Leur conviction est qu’ils ont le devoir de s’attacher dans leur vie à la plénitude, à l’intégrité, à l’intégration, qu’ils ont le devoir de permettre que la Verbe de Dieu, l’enseignement de la Torah, les commandements et l’exemple de Jésus, ou quoi que ce soit du même ordre, façonne leur existence comme un tout, y compris par conséquent, leur existence sociale et politique. Leur religion n’a pas trait, pour eux, à autre chose qu’à leur existence sociale et politique ». Leur conception de la justice, fondée sur la religion, leur dicte ce qui est politiquement juste ou injuste."

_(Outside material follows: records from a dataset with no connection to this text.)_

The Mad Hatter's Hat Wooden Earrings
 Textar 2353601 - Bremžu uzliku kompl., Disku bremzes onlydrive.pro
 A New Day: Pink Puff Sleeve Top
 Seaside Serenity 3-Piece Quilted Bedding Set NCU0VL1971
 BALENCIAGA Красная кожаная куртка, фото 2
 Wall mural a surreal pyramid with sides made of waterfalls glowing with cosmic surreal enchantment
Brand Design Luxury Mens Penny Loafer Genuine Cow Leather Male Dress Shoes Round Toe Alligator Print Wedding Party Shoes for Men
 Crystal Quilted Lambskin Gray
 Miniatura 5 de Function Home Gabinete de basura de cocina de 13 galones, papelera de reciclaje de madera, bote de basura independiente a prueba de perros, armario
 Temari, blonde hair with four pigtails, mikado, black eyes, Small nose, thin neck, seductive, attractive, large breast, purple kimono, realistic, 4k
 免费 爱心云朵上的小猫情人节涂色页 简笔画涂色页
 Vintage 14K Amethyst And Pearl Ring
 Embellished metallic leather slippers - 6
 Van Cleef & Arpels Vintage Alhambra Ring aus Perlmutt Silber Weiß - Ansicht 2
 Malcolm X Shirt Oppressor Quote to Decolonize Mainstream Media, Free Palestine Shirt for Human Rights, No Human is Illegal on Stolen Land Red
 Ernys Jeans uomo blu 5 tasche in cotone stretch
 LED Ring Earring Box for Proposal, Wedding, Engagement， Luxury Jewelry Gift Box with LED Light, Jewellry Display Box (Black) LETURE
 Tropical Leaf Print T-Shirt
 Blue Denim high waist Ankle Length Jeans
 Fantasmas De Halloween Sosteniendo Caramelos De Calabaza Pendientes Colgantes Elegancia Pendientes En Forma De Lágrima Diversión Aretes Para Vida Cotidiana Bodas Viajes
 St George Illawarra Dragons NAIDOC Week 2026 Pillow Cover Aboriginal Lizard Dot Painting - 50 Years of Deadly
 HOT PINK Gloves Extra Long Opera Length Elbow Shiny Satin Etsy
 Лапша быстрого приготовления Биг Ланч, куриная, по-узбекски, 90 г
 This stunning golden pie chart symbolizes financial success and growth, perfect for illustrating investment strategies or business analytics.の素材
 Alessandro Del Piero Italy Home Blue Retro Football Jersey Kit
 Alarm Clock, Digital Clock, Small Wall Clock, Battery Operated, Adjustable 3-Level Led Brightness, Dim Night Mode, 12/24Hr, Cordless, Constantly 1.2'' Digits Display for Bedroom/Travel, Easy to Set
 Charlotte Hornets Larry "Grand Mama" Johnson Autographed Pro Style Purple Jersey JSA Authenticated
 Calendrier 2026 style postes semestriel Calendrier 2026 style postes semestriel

- P. Weithmann, Religion and the Obligations of Citizenship.
___

"Il faudrait, pour être totalement « intégrés », ne rien exprimer de sa foi et devenir religieusement invisibles : la référence à l’islam devrait totalement disparaître de l’espace publique, les associations « islamiques » ne devraient point s’appeler ainsi, et, dans le fond, l’exercice de la citoyenneté ne devrait jamais s’inspirer des convictions religieuses.

Les partisans de ces positions extrêmes les justifient par la crainte des enfermements communautaires, du communautarisme, et du retour possible des conflits religieux en Occident. On peut comprendre les craintes, mais on est en droit de discuter les remèdes proposés : vouloir effacer ainsi toutes les appartenances au nom de l’unité de la nation est une mesure qui ne fait qu’entretenir un artifice, ou qui s’accroche à une illusion, tant les sociétés occidentales ont changé et ne sont plus homogènes ; par ailleurs le sentiment d’appartenance à une communauté de foi, par exemple, n’est pas forcément un cloisonnement, un enfermement intellectuel et/ou ethnique, et peut même, au contraire, selon la façon dont il est conçu, produire un supplément d’énergie au service de la société dans son ensemble.


- Tariq Ramadan, professeur d'études islamiques à Oxford, Kyoto et Londres.